You know, I honestly don't know why people are saying that they're disappointed. For me, this is the first iPhone since the original that gave me a real 'Wow, the future has just arrived' moment. For the original phone it was the Minority Report UI. This time around it's the Star Trek computer that talks to you. When Apple start running TV ads showing off Siri, the average consumer is going to love it.
How many people ever tried using the Voice Control in the iPhone 4? Siri is one of those features (awesome technological achievement notwithstanding) that's great to demo but largely irrelevant (or even unknown) to most users. It's this generation's Carousel view.
How many people have tried using Siri? Until it's actually in our hands and put to the test in real world situations, it's hard for anyone to make any claims about how well it works.
It could be reliable, useful and effective; it could be sometimes useful given the right environments and inputs; it could be a complete flop. No one outside of Apple knows right now.

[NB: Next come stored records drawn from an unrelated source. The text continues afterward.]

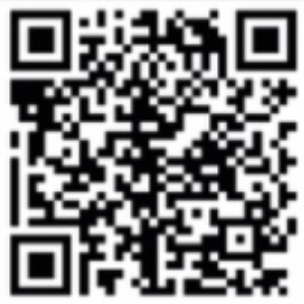 QR Maestría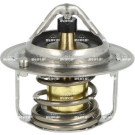 NRF | Thermostat, Kühlmittel | 725211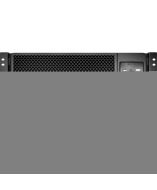 APC SRT8KRMXLT Accessory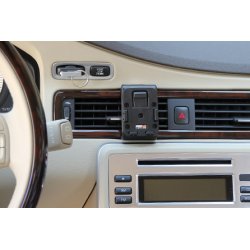 Brodit MultiMoveClip monteringstilbehr 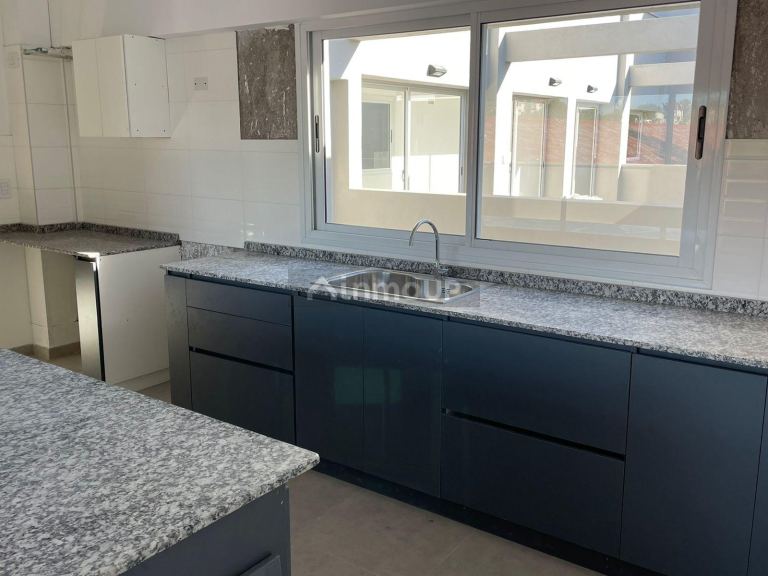 Departamento en Venta en Godoy Cruz, Mendoza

This is different though. Plenty of people have used Siri. The new version adds a few Apple app based intents, but we have been able to use what was essentially a beta of Siri for years. And the parent comment is right. In its current state, this is Facetime 2. Good demo, fun to play with, but ultimately inconsequential for the majority of people.
But when Siri was in app form, much (perhaps most) of the benefit that it has now wasn't possible.
Not only could app-Siri not do some of the things that people will most often do with iOS-Siri ("wake me up at 7 o'clock", "remind me to call my girlfriend when I get home", "note that I need to buy lettuce"), but you had to unlock your phone and navigate to the app icon before you could even do those things that you could do with it. If you're already using a touch/visual interface to do things, it's cognitively easier to just stick with touches to finish the job. If the interface is entirely spoken/audible, there are a whole other set of things that start to make sense to use voice for.
- Voice Over often just outright failed. The accuracy for speech interpretation was good, but not great.
- The tasks that it could actually do were simplistic (pause! play! call Bob! next track!) and often it was more work to turn on Voice Over and talk, and easier to just touch the device and be done with it.
- Voice Over had a very limited verb database that you had to learn. It wasn't so much natural language recognition as simply using voice to input a (very) limited set of commands.
Siri is (ostensibly) not subject to any of the above limitations, so if it works as advertised it really will be completely different from Voice Over.
My point wasn't that Siri wasn't any good (or even that Voice Control was bad — it worked when I needed it) but that users neither know not care about it. In fact, the only users who knew about it probably discovered it accidentally by holding the home button down!
As you say, time will tell whether it's a hit. I'm betting not.
I use voice control on my iPod touch when I'm driving with it hooked up to my stereo. That's the killer use case for voice control as far as I'm concerned.
It works about half the time.
"Play Machine Gun Fellatio"
*"BING! Playing songs by Marvin Gaye"
"ehhh, good enough"
It works slightly better if I put on a fake American accent.
Not that I necessarily agree, but I think his point is that they have overlapping use cases and that people aren't avoiding Voice Control because it sucks, they're not using it because they don't have a huge need to.
I missed that possibility, thanks for alerting me to it.
I still think that it's too early to dismiss it because of what we've seen with Voice Control, but I agree that there's definitely the possibility that the idea won't catch on. I suppose everything depends on the implementation and whether it can be made seamless enough and useful enough that ordinary people use it.
Thank you! I'm glad someone understood the point I was making.
For all the majority of iPhone 4 users know, Siri could have been in their device all along the they either didn't know or didn't care.
Let's think this through. The use cases for Siri are when a) you can't use the keyboard and b) it a situation where you can talk freely. It sounds awesome for when you're driving. Or if you have a disability. Or... No, I think I'm out of potentially useful situations. And to be honest, Voice Control worked pretty well for me on the one occasion I needed it.